About this exercise:
In your copy, reproduce each entry exactly and leave out the pictures.
[Dataset records]
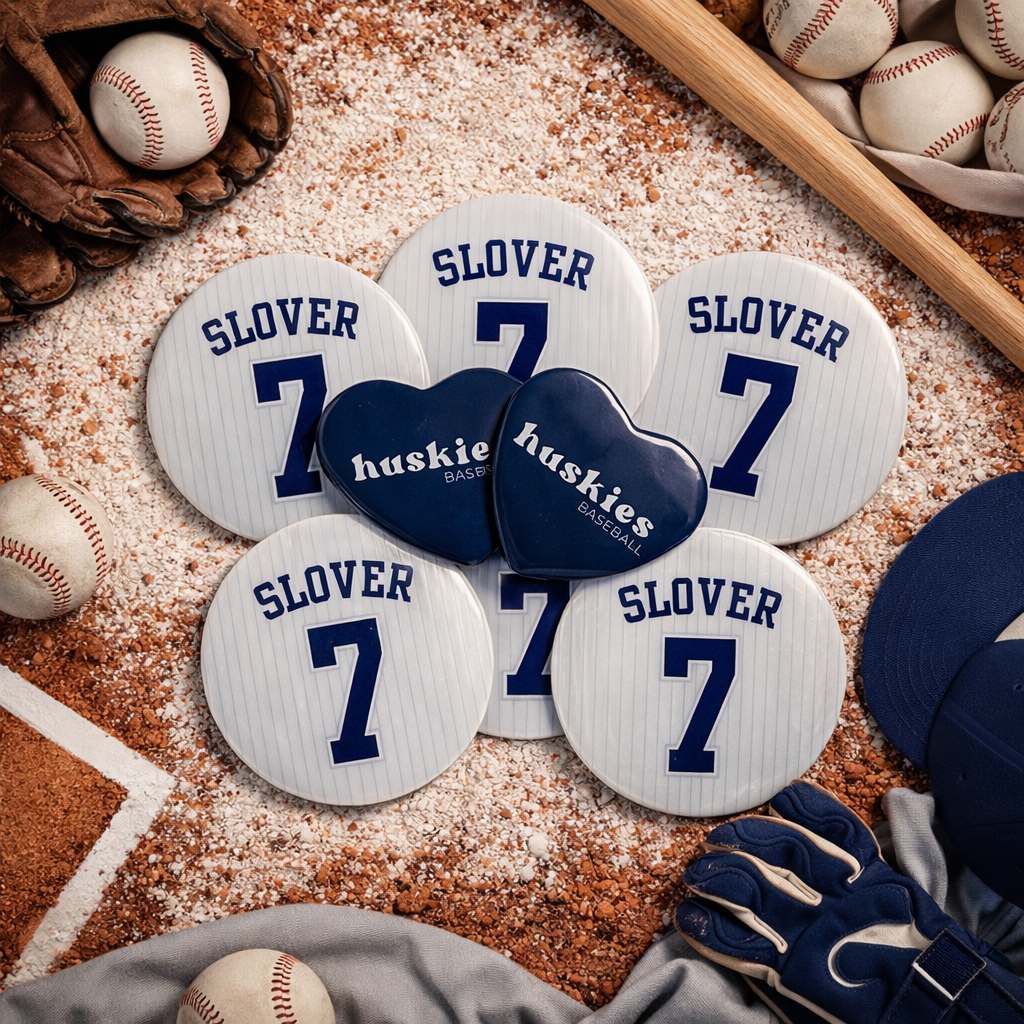 Custom Number Button- Baseball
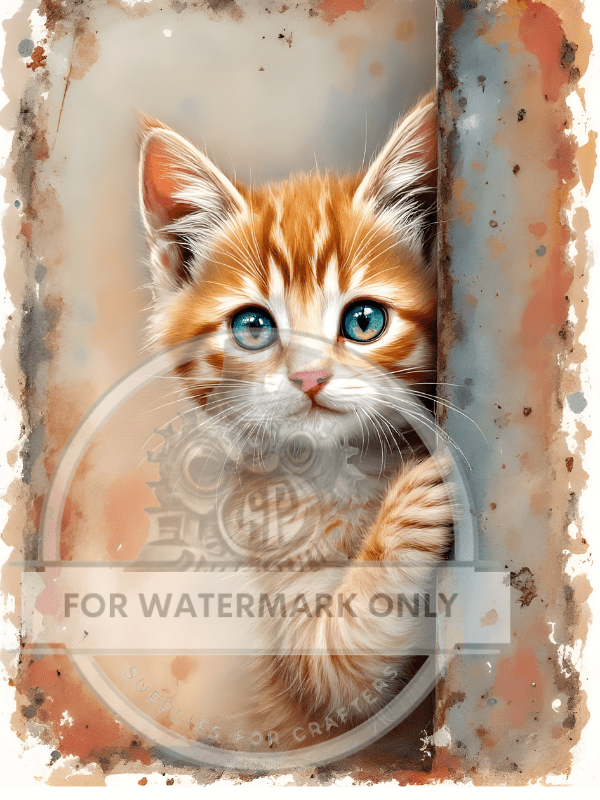 DIGITAL IMAGE: The Little Orange Kitten - Decoupage Central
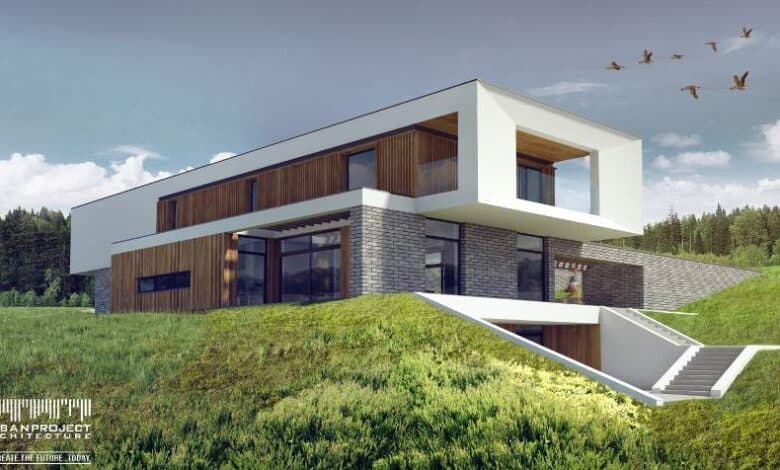Nowoczesny dom energooszczędny z dużymi przeszkleniami i elegancką architekturą na zielonym tle, idealny dla optymalnych rozwiązań budowlanych.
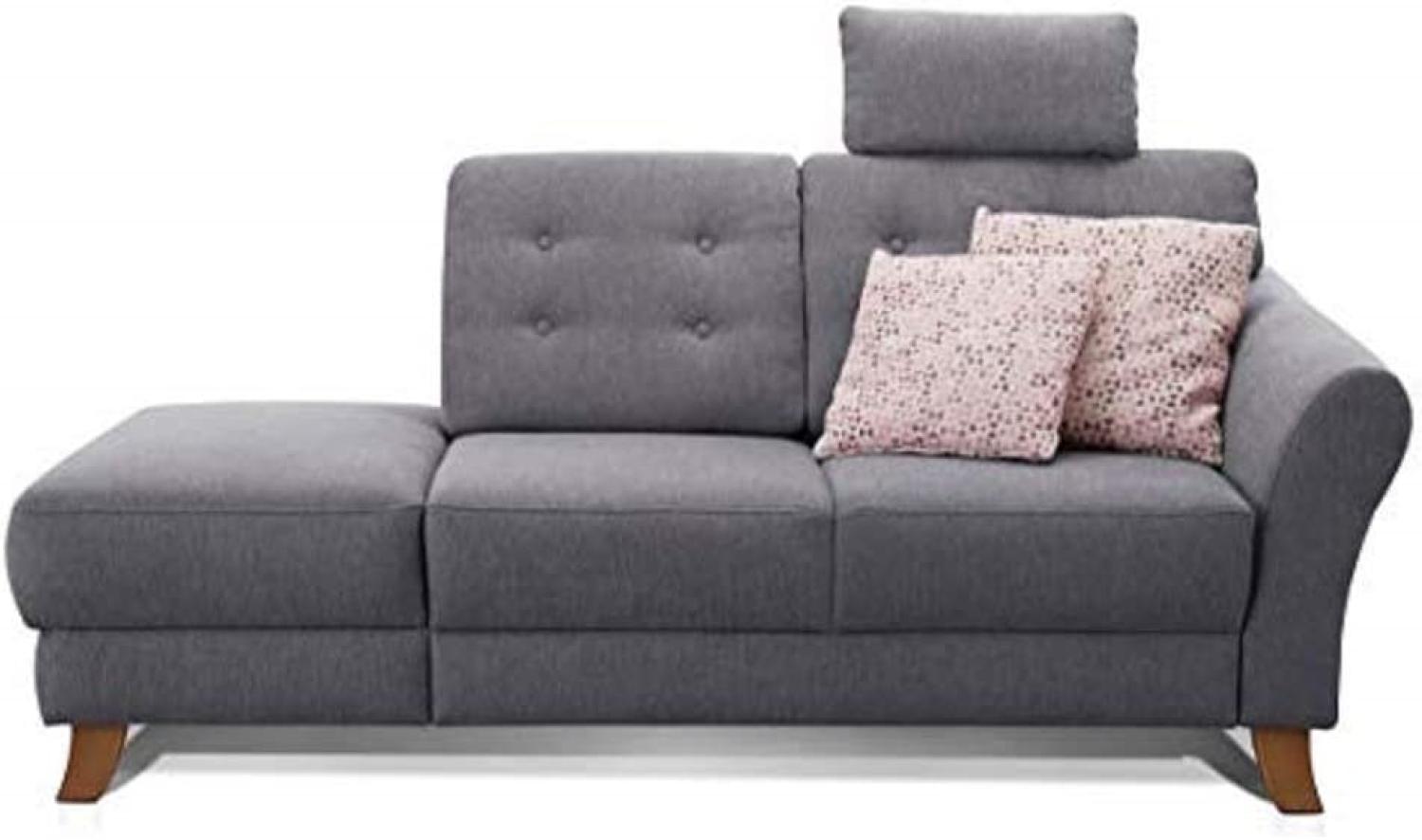 Cavadore Recamiere Trond mit Federkern / Modernes Sofa im Landhausstil mit Armteil rechts / Inkl. Kopfstütze und Rückenkissen / 194 x 89 x 92 / Flachgewebe grau Bild 1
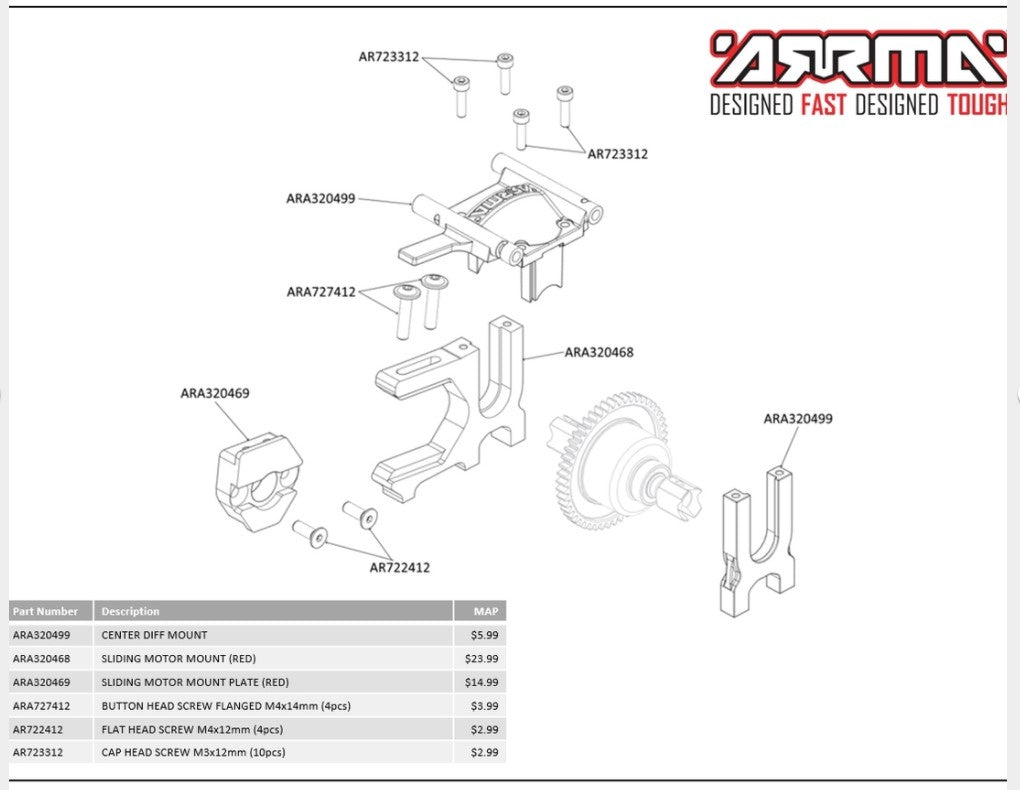 Arrma ARA320469 1/8 BLX Aluminum Sliding Motor Mount Plate (Red)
[/Dataset records]
Task answer:
 Custom Number Button- Baseball
 DIGITAL IMAGE: The Little Orange Kitten - Decoupage Central
Nowoczesny dom energooszczędny z dużymi przeszkleniami i elegancką architekturą na zielonym tle, idealny dla optymalnych rozwiązań budowlanych.
 Cavadore Recamiere Trond mit Federkern / Modernes Sofa im Landhausstil mit Armteil rechts / Inkl. Kopfstütze und Rückenkissen / 194 x 89 x 92 / Flachgewebe grau Bild 1
 Arrma ARA320469 1/8 BLX Aluminum Sliding Motor Mount Plate (Red)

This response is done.